2025-09-22 Papers

1/2

Paper 1

MANZANO: A Simple and Scalable Unified Multimodal Model with a Hybrid Vision Tokenizer

Published: 2025-09-19

Link: http://arxiv.org/pdf/2509.16197

1. 📘 Topic and Domain: A unified multimodal large language model called MANZANO that can both understand and generate visual content, operating in the domain of computer vision and natural language processing.

2. 💡 Previous Research and New Ideas: Based on previous unified multimodal models that struggled with performance trade-offs between understanding and generation capabilities, this paper proposes a novel hybrid vision tokenizer that uses a single shared encoder with specialized adapters for both tasks.

3. ❓ Problem: The paper addresses the conflict between visual tokenization methods in existing unified models, where discrete tokens work better for generation but continuous embeddings are superior for understanding tasks.

4. 🛠️ Methods: Implements a three-component architecture: a hybrid vision tokenizer (producing both continuous and discrete tokens), a unified LLM decoder (for text/image token prediction), and a diffusion-based image decoder (for pixel generation), trained through a three-stage process of pre-training, continued pre-training, and supervised fine-tuning.

5. 📊 Results and Evaluation: Achieves state-of-the-art performance among unified models, with their 3B model matching or exceeding larger models' performance on understanding tasks while maintaining strong generation capabilities, and shows consistent improvements when scaled up to 30B parameters.

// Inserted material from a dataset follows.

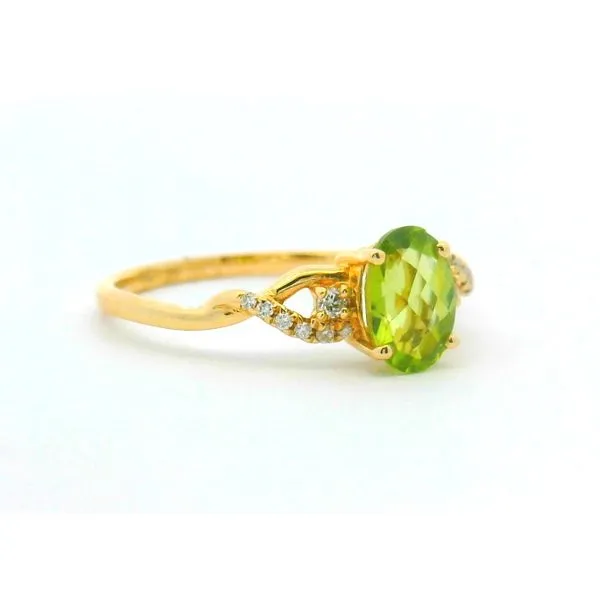 14Kt Yellow Gold .91Ct Oval Peridot & .07Ctw Diamond Ring Image 2 Albert's Jewelers Kingsland, GA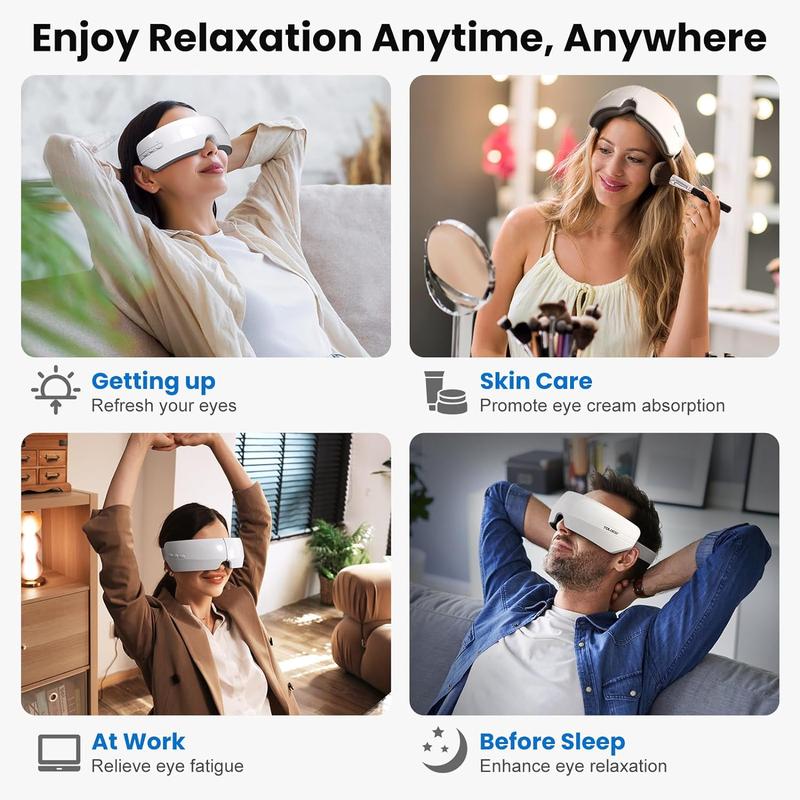 Eye Massager with Heat and Bluetooth Music–Perfect Gift for Relaxation,Migraine Relief,Eye Strain Reduction,and Improved Sleep Quality,Thanksgiving Christmas Gift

MANZANO: A Simple and Scalable Unified Multimodal Model with a Hybrid Vision Tokenizer

1/2

Paper 2

WorldForge: Unlocking Emergent 3D/4D Generation in Video Diffusion Model via Training-Free Guidance

Published: 2025-09-18

Link: http://arxiv.org/pdf/2509.15130

1. 📘 Topic and Domain: The paper focuses on trajectory-controlled video generation using pre-trained video diffusion models, specifically in the domain of 3D/4D computer vision and generative AI.

2. 💡 Previous Research and New Ideas: Based on previous work in video diffusion models and trajectory control methods that required model retraining, this paper proposes a novel training-free approach that leverages existing model knowledge.

3. ❓ Problem: The paper addresses the challenge of achieving precise camera trajectory control in video generation while maintaining high visual quality, without requiring expensive model retraining or fine-tuning.

4. 🛠️ Methods: The authors develop a three-part framework called WorldForge that includes: Intra-Step Recursive Refinement (IRR) for step-wise trajectory guidance, Flow-Gated Latent Fusion (FLF) for separating motion from appearance features, and Dual-Path Self-Corrective Guidance (DSG) for maintaining visual quality.

5. 📊 Results and Evaluation: The method achieves state-of-the-art performance in both static 3D scene generation and dynamic 4D trajectory control, outperforming existing approaches in terms of FID, CLIP similarity, and trajectory accuracy metrics while requiring no additional training.

WorldForge: Unlocking Emergent 3D/4D Generation in Video Diffusion Model via Training-Free Guidance

1/2

Paper 3

BaseReward: A Strong Baseline for Multimodal Reward Model

Published: 2025-09-19

Link: http://arxiv.org/pdf/2509.16127

1. 📘 Topic and Domain: The paper focuses on developing high-performance Multimodal Reward Models (MRMs) for aligning Multimodal Large Language Models with human preferences in the domain of AI alignment and multimodal machine learning.

2. 💡 Previous Research and New Ideas: Based on existing reward modeling approaches for text-only LLMs, the paper proposes a systematic guide for building MRMs by investigating every crucial component in the development pipeline, introducing BaseReward as a simple yet effective architecture.

3. ❓ Problem: The paper addresses the lack of a systematic guide for building state-of-the-art Multimodal Reward Models, which are crucial for aligning MLLMs with human preferences.

4. 🛠️ Methods: The authors conducted comprehensive experimental analyses of reward modeling paradigms, reward head architecture, training strategies, data curation, backbone model selection, and ensemble methods, ultimately developing BaseReward using a Qwen2.5-VL backbone with an optimized two-layer reward head.

5. 📊 Results and Evaluation: BaseReward established new state-of-the-art performance on major benchmarks, including MM-RLHF-Reward Bench (11% improvement), VL-Reward Bench (18% improvement), and showed consistent performance gains when integrated into reinforcement learning pipelines across various tasks.